You decide on an action.
And you do it.
That’s it! There are two basic principles to bear in mind. The first is that you can always do something, and the second is that action creates confidence, and confidence is a great antidote to the fear of change.
Challenge yourself to filling a whole page of a journal with “I can” actions, things that you CAN do which will help you make your situation better. These can be as small as having a cup of tea and allowing yourself to think for 5 minutes, or dressing your bed in the morning (also proven to be a great motivational tool!).
Having to fill a whole page forces your brain to start thinking creatively, but the important part isn’t filling the page but rather picking something, and DOING it. The momentum that you create will make the next step easier, and the next until one day you’re a thousand miles away from where you started, and you’re actively, consciously enjoying your new normal.

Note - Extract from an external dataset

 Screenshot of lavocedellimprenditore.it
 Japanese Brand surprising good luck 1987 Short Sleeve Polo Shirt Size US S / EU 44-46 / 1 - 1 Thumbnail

When we look at a problem or a challenge, we often look at what we can’t do, and what option is not available to us. We blame everyone and everything. We become a victim of that change. And that’s a self-fulfilling prophecy. If we see that it’s a problem then it’s very definitely a problem.
If, however we know what’s important to us, and we’re aware of a variety of options that are available, and we understand that not only can we always do something but that it’s our responsibility to do something, then we regain control over the situation. We’re no longer the victim. We key in the destination, we get behind the driving wheel and we drive off. If we get a puncture, if our road is blocked, if we have to pull over and rest for a while it doesn’t matter. We are in charge.
We can’t eliminate change from our lives, nor would we want to when we think about the alternative. We can’t control change. Cancer comes. Relationships start and end. Babies are born. People die. We move countries. We make new friends. We learn new things. We grow. We create our new normal every single day and with every single change.
My new normal is an incredible one. One where I teach and support clients all over the world to develop their own mental and emotional fitness. One where my children see their mother not as a cancer survivor but as simply mammy. One where I choose how I react to change. One where I feel in control… well, most of the time!!
Every single day we are impacted by change. We get to choose the impact. We can change as a victim, or we can change as a driver. No-one else can do this for us. This is on us. We can drown or we can surf the wave. We can choose. We can change. We can control. We can live.
Niamh Gaffney runs coaching consulting company Directionality. She was 35 and a new mum to a gorgeous 6-month old baby girl when she was diagnosed with breast cancer. In the year that followed, she dealt with surgery, fertility preservation treatment, chemotherapy, radiotherapy and then faced redundancy from her executive level role. The fall-out of that crazy whirlwind of a year was a shock; she seriously struggled with the aftermath, with trying to get back to normal until coaching helped her realise that there was no going back – she needed to find her New Normal. When the dust settled she understood how much coaching could help others in similar situations and so Directionality opened its doors in early 2016.